Remote Code Execution on Windows Mobile Demonstrated
I posted a blog in May that spoke about the potential for remote code execution on Windows CE devices and the problems involved with patching. I also alluded to some research Symantec had been doing at the time. Well, at DefCon this past weekend, Collin Mulliner demonstrated a remote code execution flaw via MMS on Windows CE.
Collin's slides show how he used a malformed MMS message to achieve arbitrary code execution on a device, simply by having a user view the message. This is obviously of great concern; Windows Mobile devices are becoming more and more prevalent and the substantial challenges with patching continue to exist.
At the end of 2005, the Symantec Advanced Threat Research team performed a detailed attack surface analysis of Windows CE 5. We took a very broad and a very deep look as to how attacks could target Windows CE (and thus Windows Mobile) devices both from a remote perspective, as well as a local privilege escalation perspective (CE 5 includes the concept of trusted versus un-trusted applications).

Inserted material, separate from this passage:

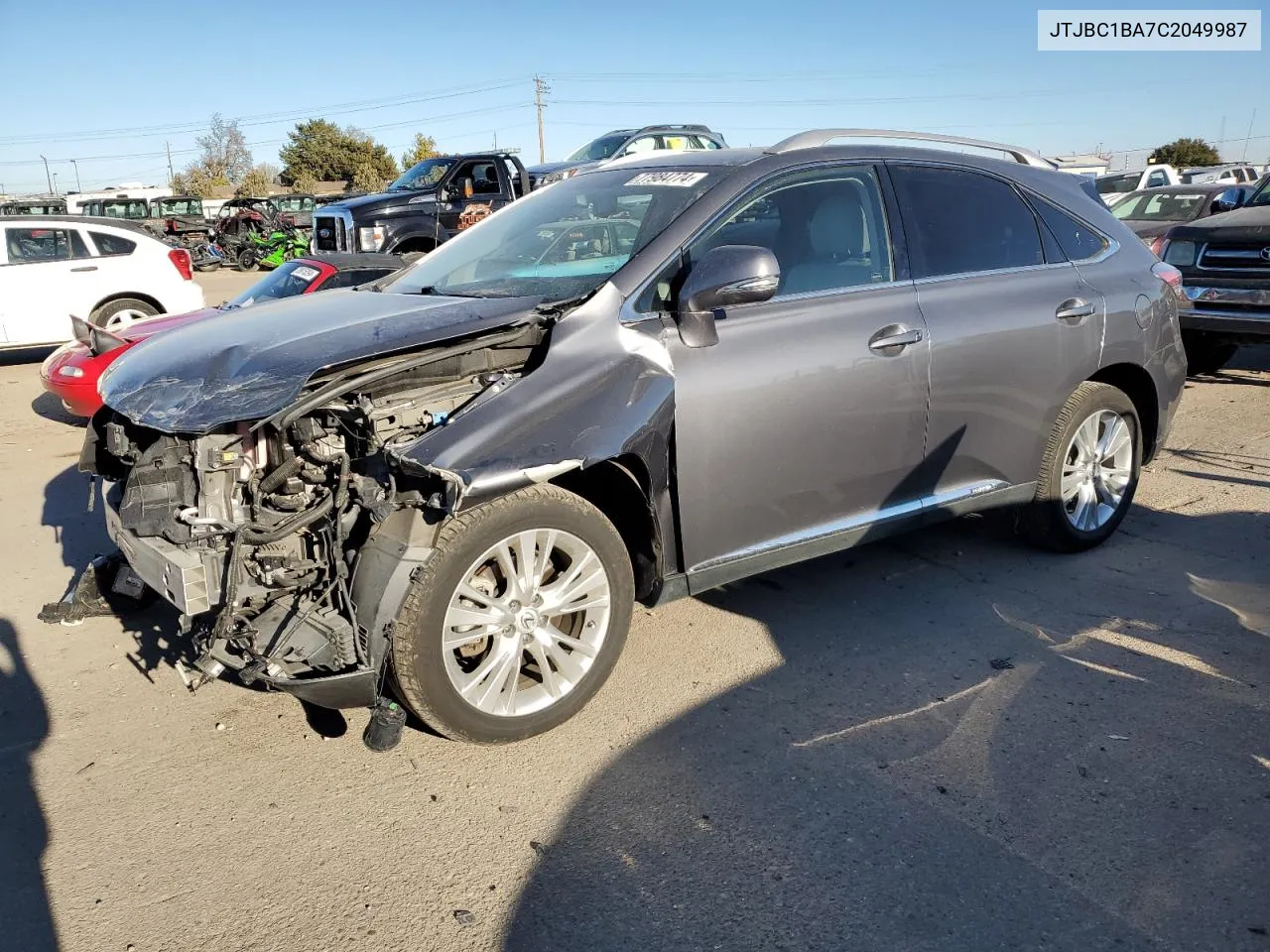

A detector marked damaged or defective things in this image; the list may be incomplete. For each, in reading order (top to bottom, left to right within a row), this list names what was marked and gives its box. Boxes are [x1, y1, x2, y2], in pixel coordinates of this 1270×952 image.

crumpled hood [1167, 205, 1270, 244]
crumpled hood [98, 288, 536, 432]
damaged gray suv [81, 132, 1191, 746]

This research included documenting all of the remote attack vectors that could potentially exist. During the course of the research, as you would expect, we found a number of remote code execution flaws that could be leveraged in a malicious fashion. While we won't be disclosing the specific flaws just yet, what we will discuss is the overall security architecture of CE5, the types of vulnerabilities we discovered, how these impact mobile devices, and what, if anything, people can do to protect themselves. Please keep your eyes peeled for the announcement of when and where we will be presenting this research.